Return the records from the first line through the line containing "A Complete Guide", and leave out the pictures.

*** EXTRACTED MATERIAL Section Begins ***

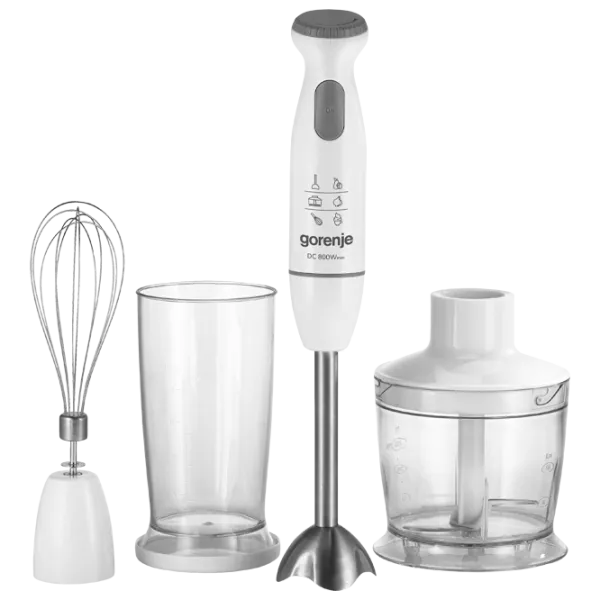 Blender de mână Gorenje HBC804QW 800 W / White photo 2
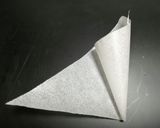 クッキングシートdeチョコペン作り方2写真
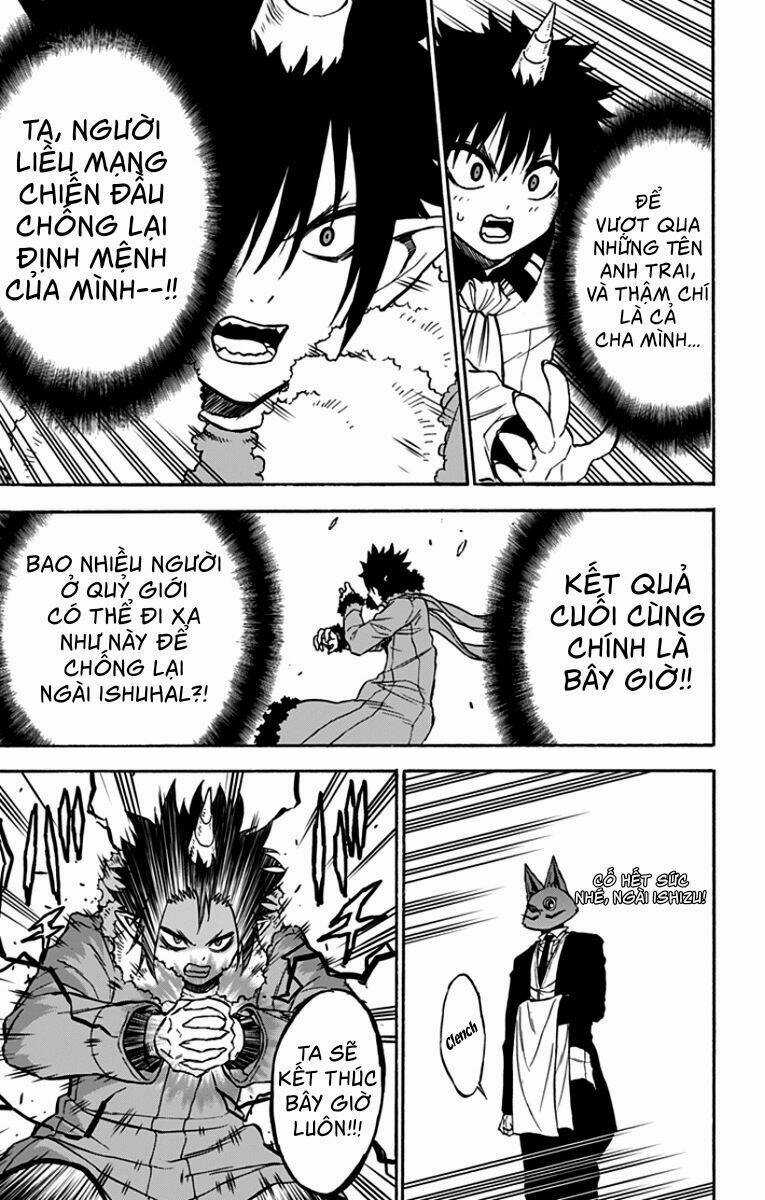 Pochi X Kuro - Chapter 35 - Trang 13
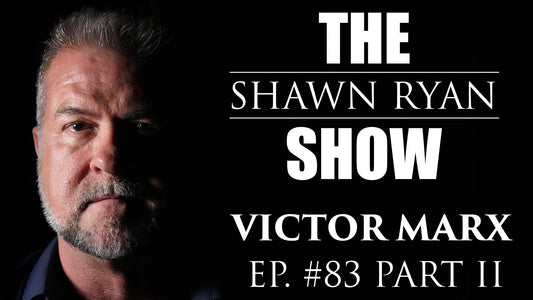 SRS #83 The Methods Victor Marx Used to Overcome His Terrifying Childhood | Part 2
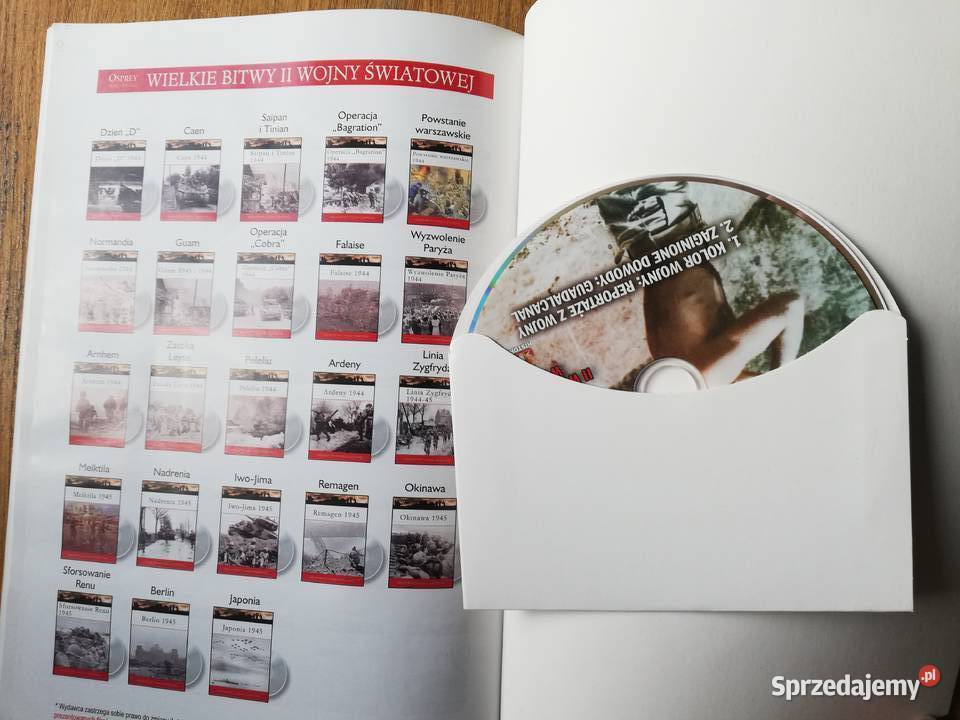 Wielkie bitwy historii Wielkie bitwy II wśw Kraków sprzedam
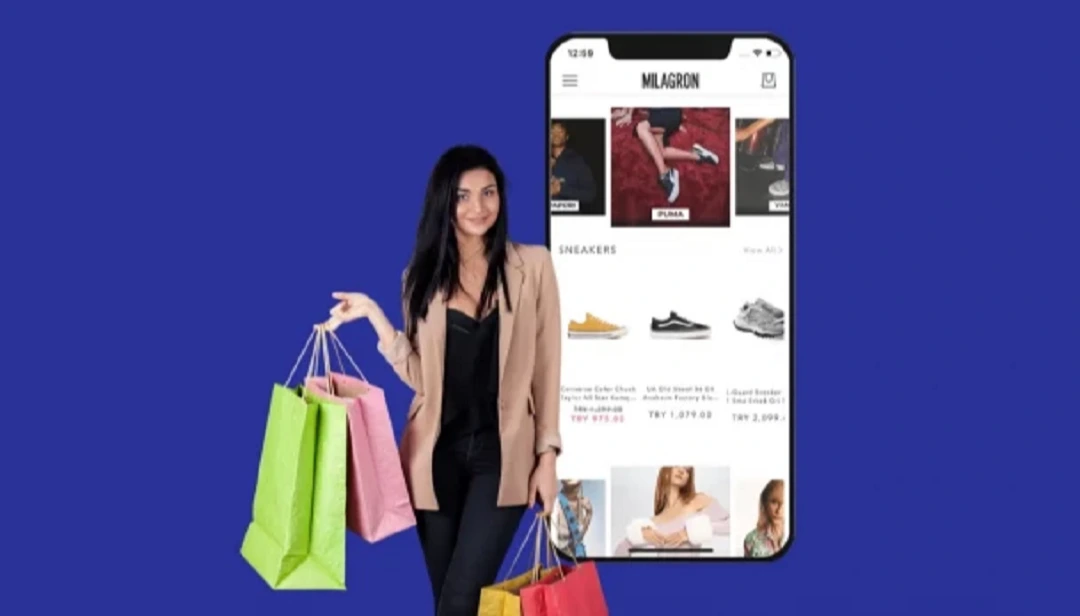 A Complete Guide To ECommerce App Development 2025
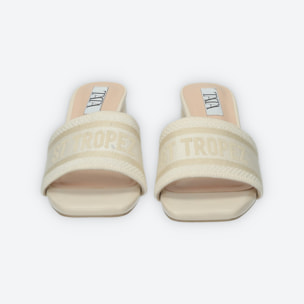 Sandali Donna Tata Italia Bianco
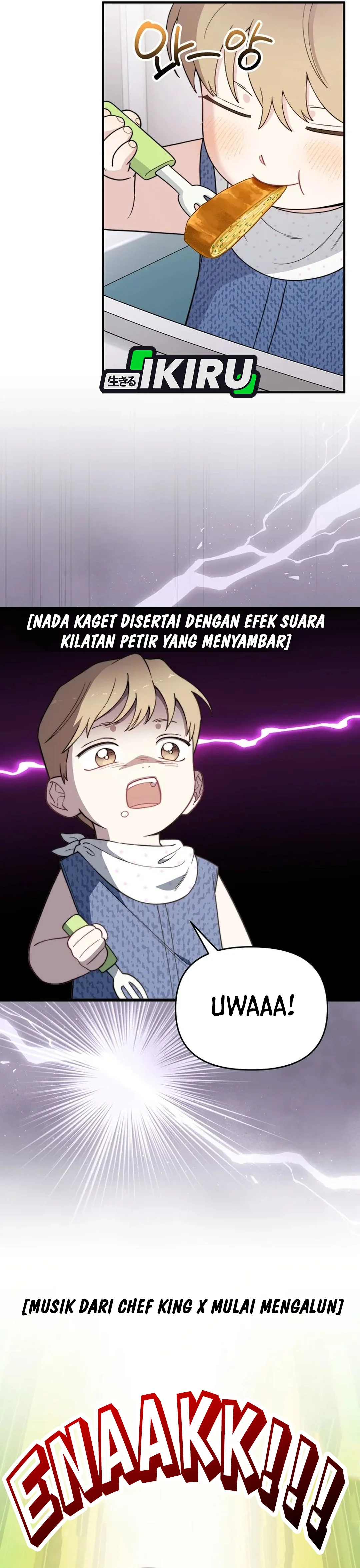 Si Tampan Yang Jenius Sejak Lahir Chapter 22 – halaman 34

*** EXTRACTED MATERIAL Section Ends ***

TASK SOLUTION:
 Blender de mână Gorenje HBC804QW 800 W / White photo 2
 クッキングシートdeチョコペン作り方2写真
 Pochi X Kuro - Chapter 35 - Trang 13
 SRS #83 The Methods Victor Marx Used to Overcome His Terrifying Childhood | Part 2
 Wielkie bitwy historii Wielkie bitwy II wśw Kraków sprzedam
 A Complete Guide To ECommerce App Development 2025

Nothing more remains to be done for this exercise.